Christina Romer, chairwoman of the White House Council of Economic Advisers, said in an interview Wednesday that the White House was open to supporting new initiatives designed to help small businesses, provide direct payments to people who retrofit their homes to save energy, and further increase spending on infrastructure projects such as roads, bridges and public buildings.
Additional help to states to avoid layoffs of employees is under consideration, but no decisions have been made as to what the White House ultimately will support, and lots of negotiations with Congress remain.
Romer also said the White House supports extending jobless benefits for the long-term unemployed and subsidies for the unemployed to purchase health insurance.
At the same time, any new steps would have to have a relatively small deficit impact, Romer said. The administration says its budget for the upcoming fiscal year will take aggressive deficit-cutting steps.
"We've got these twin problems. We've clearly got a very severe jobs problem and we inherited a big budget deficit," Romer said. "There's going to be an emphasis that anything we do be done in a fiscally responsible way."
White House press secretary Robert Gibbs said Wednesday that Obama plans to give a speech next week that will lay out ideas, including some already under discussion by White House economic advisers and others that might arise out of the jobs summit. But both Gibbs and Democratic leaders in Congress caution that most new steps will have to wait until next year.
Romer sent some of the clearest signals to date that the White House could endorse moves by congressional Democrats to pass a bill or bills targeted to job creation. The White House has been mostly quiet on the topic in recent weeks, which has frustrated Democrats anxious to demonstrate better results on jobs.
Aid to small businesses could include tax incentives and unspecified steps to ease the availability of credit. Money for retrofitting homes with energy-saving windows might be patterned after the successful Cash for Clunkers program that boosted car sales this summer.

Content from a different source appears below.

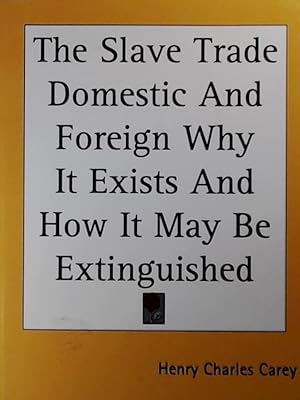Bild des Verkufers fr The Slave Trade Domestic and Foreign Why It Exists and How It May Be Extinguished zum Verkauf von Leserstrahl  (Preise inkl. MwSt.)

House Majority Leader Steny Hoyer, D-Md., said Tuesday that Democrats are going to work to extend unemployment benefits and health insurance subsidies before they begin to phase out Jan. 1. He also said Democrats are determined to increase infrastructure spending and are considering additional aid to states, a per-job tax credit and a public jobs program patterned after Depression-era programs.
The moves would come on top of the ongoing implementation of Obama's $787 billion economic stimulus measure, which is earning mixed reviews from voters and is attacked almost daily by Republicans.
Even the most ardent cheerleaders of the first stimulus round admit they wish it would have been more effective in creating jobs. Unemployment is topping 10 percent. About 3 million jobs have been lost since the bill passed in February as the economy has performed worse than most people expected.
But the White House _ generally backed up by a new study by the nonpartisan Congressional Budget Office _ argues that Obama's recovery plan has produced more than 1 million jobs that wouldn't exist if it had not passed.
The CBO study, for example, says the stimulus measure could have produced as many as 1.6 million jobs by the third quarter of this year. But on the other hand, the number of jobs generated could have been as few as 600,000. That would be more than $300,000 per job.
CBO also estimated that the stimulus measure made the economy grow by 1.2 percent to 3.2 percent and reduced unemployment by as little as 0.3 percent and as much as 0.9 percent.